INSTRUCTIONS TO FOLLOW ::
Set the listing down again exactly, please, apart from its pictures.

GIVEN DATA ::
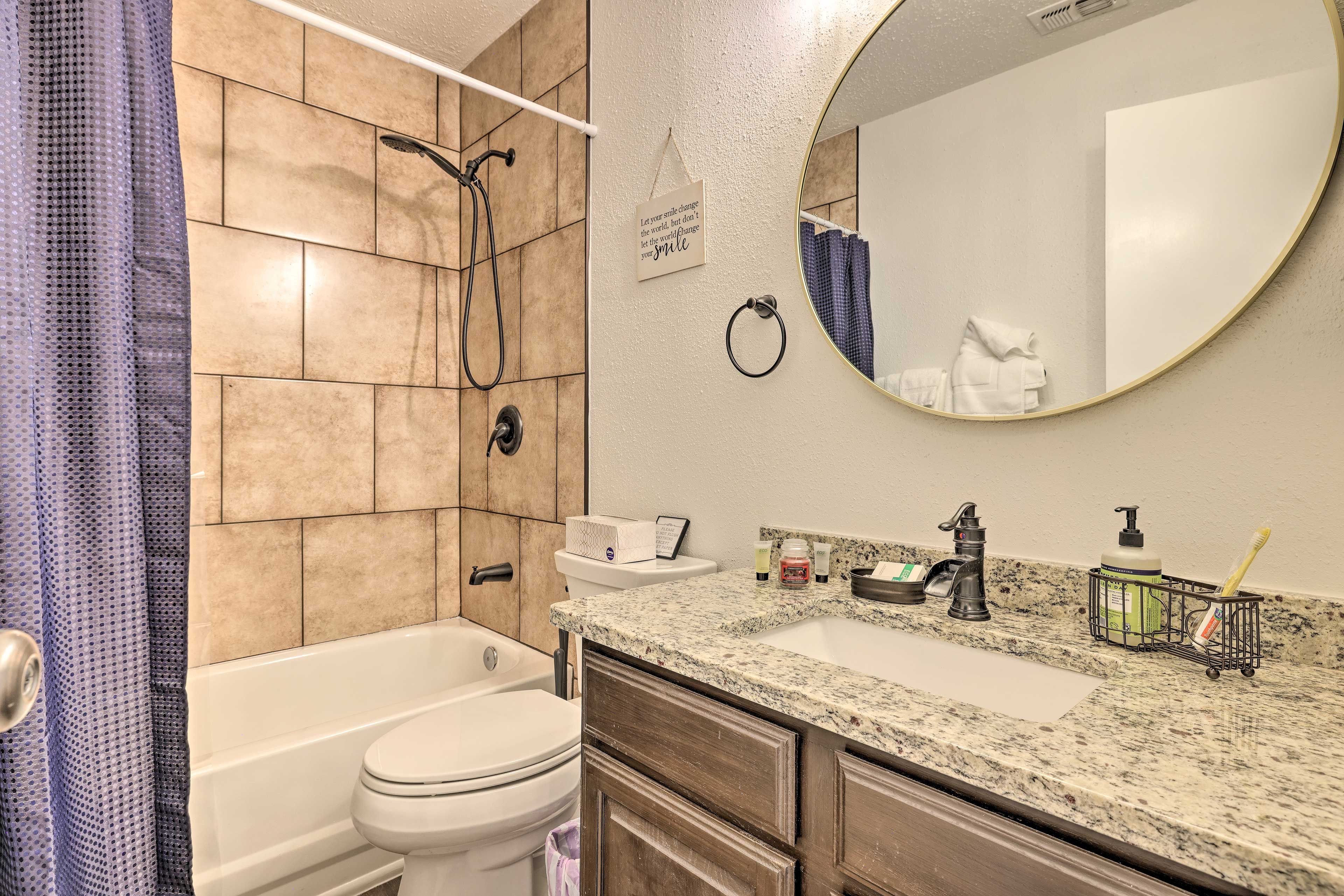 Bathroom | Towels Provided | Granite Countertop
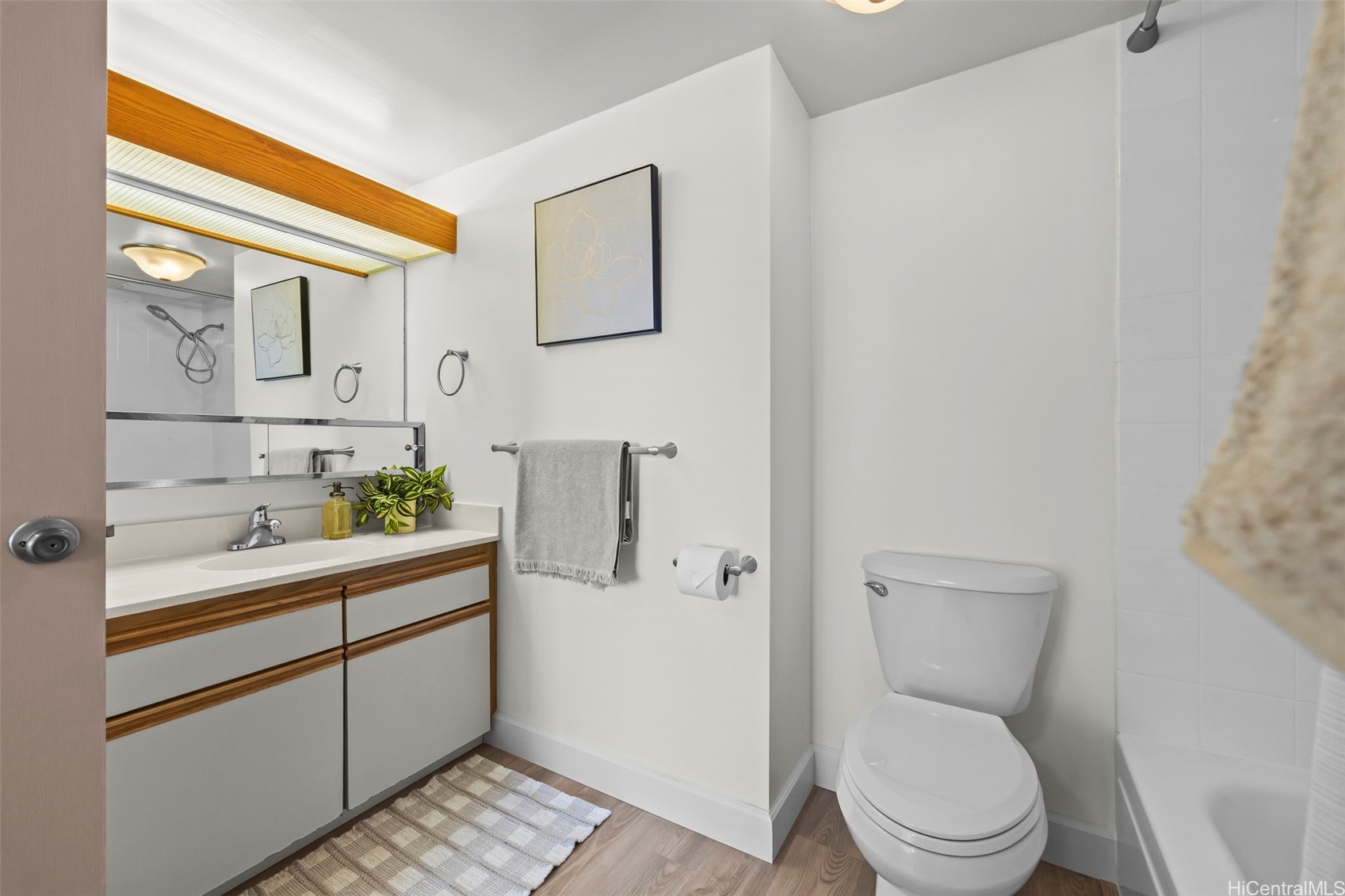 876 Curtis Street Unit: 96813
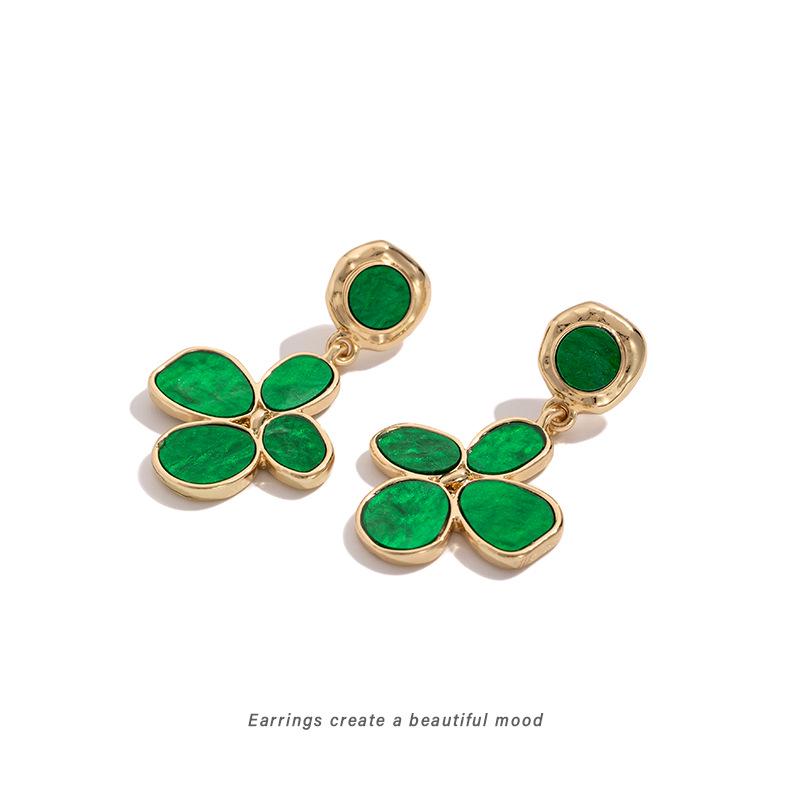 Elegant Retro Emerald Four-Leaf Clover Earrings with Ethnic Style, 2025 Autumn/Winter Collection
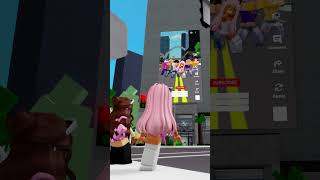 彼女は建物で再生されている私のビデオを見ました😣😭#robloxshorts #roblox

OUTPUT ::
 Bathroom | Towels Provided | Granite Countertop
 876 Curtis Street Unit: 96813
 Elegant Retro Emerald Four-Leaf Clover Earrings with Ethnic Style, 2025 Autumn/Winter Collection
 彼女は建物で再生されている私のビデオを見ました😣😭#robloxshorts #roblox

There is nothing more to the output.